Finizio, who won the mayoral election Tuesday, has called a press conference for 3 p.m. at his home on Ocean Avenue to elaborate on transition procedures and timelines.
He is also expected to announced he is closing out his "Finizio for Mayor'' campaign account, and thank William "Billie" Bourque for his services as campaign chairman and treasurer.
Bourque will not be part of the new transition team, Finizio said, in keeping with his promise that those who worked on his election or contributed to his campaign would have no role in the new administration.
Voters spoke loudly Tuesday, choosing change over the status quo and political newcomer Daryl Justin Finizio as the city's first elected mayor in nine decades.
Finizio, an attorney who moved here about 18 months ago, shook up the established Democratic party by winning a primary and then handily defeating five challengers, including three sitting city councilors.
"Many asked if the promise of change was just a campaign slogan,'' Finizio said, about an hour after the polls closed Tuesday night. "I want to be very clear, the era of machine politics in New London is over.''
Hundreds of supporter who packed a second-floor banquet room at Dev's on Bank restaurant erupted into applause and cheers.
"This is because of you,'' he said to the crowd. "It's because you never lost your hope, you kept the faith and you worked hard. It's because of you New London has new leadership.''
Supporter Sean Murray said Finizio's election signals a positive change for the city.
"I've lived here my entire life and I never thought this would happen," the 30-year-old said. "I have never been more proud of my city. It feels like the whole city is brand new."
In unofficial numbers from the Republican Town Committee headquarters, Finizio won 2,185 votes. Democrat Michael Buscetto III, a two-term city councilor who ran a write-in campaign after losing the primary, pulled in 1,153 votes, and Republican Rob Pero, a city councilor for 16 years, received 1,057 votes.
City Councilor Martin T. Olsen Jr., Lori Hopkins-Cavanagh and Andrew Lockwood, all petitioning candidates, all finished with fewer than 200 votes apiece.
In a concession speech at Republican headquarters, Pero thanked his supporters and congratulated Finizio. He urged his workers to support the new mayor.
"We all need to get behind him,'' Pero said. "We are all New Londoners. ... This new government will need your help. I will do all I can do advocate for this city."

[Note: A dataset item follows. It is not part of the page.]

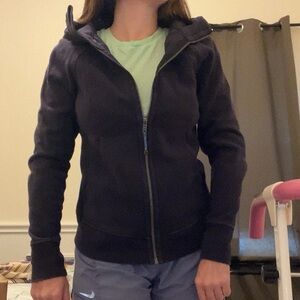 Fleece Lined Lululemon Jacket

Choking up as he spoke, Pero thanked his wife, Dora, for her steady support.
"My kids have missed me for a long time,'' he said. "We'll be home spending a lot of time together."

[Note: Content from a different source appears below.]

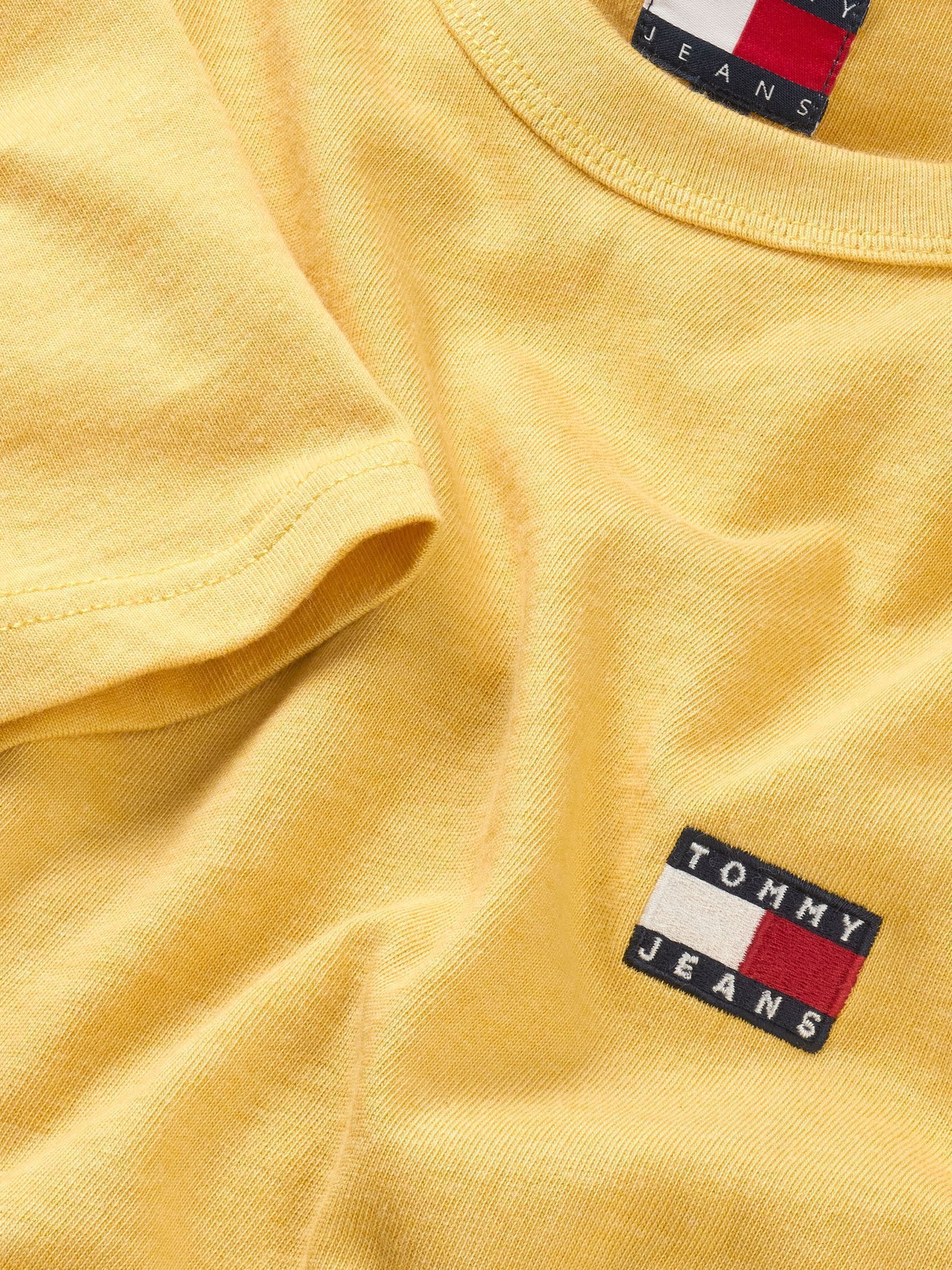 T-shirt Logo Series A Maniche Corte In Jersey Di Cotone Organico | EA7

Nearly 5,000, or roughly 40 percent, of the city's 12,793 voters show up at the polls. In the 2009 municipal election, about 3,300 people voted.
At Finizio's victory party, the mayor-elect also congratulated his fellow Democrats who won six seats on the City Council and five seats on the Board of Education.
Democrats Wade Hyslop Jr., Anthony Nolan, Michael Passero, John J. Maynard, Marie Friess-McSparran and Donald Macrino, along with Republican Adam Sprecace, were elected to the City Council.
He said although he has disagreed with his opponents, the race was never personal.
Democratic Town Committee Chairman William Satti said he was surprised by the margin of victory for Finizio, considering there were many disenchanted Democrats "who worked in other camps."
"The people of New London are tired of petty politics. They want a fresh start,'' he said.
The new mayor will take control of a city that has been run by a professional city manager for nine decades. The mayor will serve a four-year term and receive an annual salary of $86,000.
The city was teeming with election activity Tuesday.
Supporters stood on street corners, waved signs and rallied around their candidates. Pero had his three children in tow for much of the morning. Finizio went from polling place to polling place, stopping briefly at Democratic headquarters on State Street for a drink of water. Buscetto took time out in the afternoon to toss a football with some of the youngsters who live in the Thames River Apartments.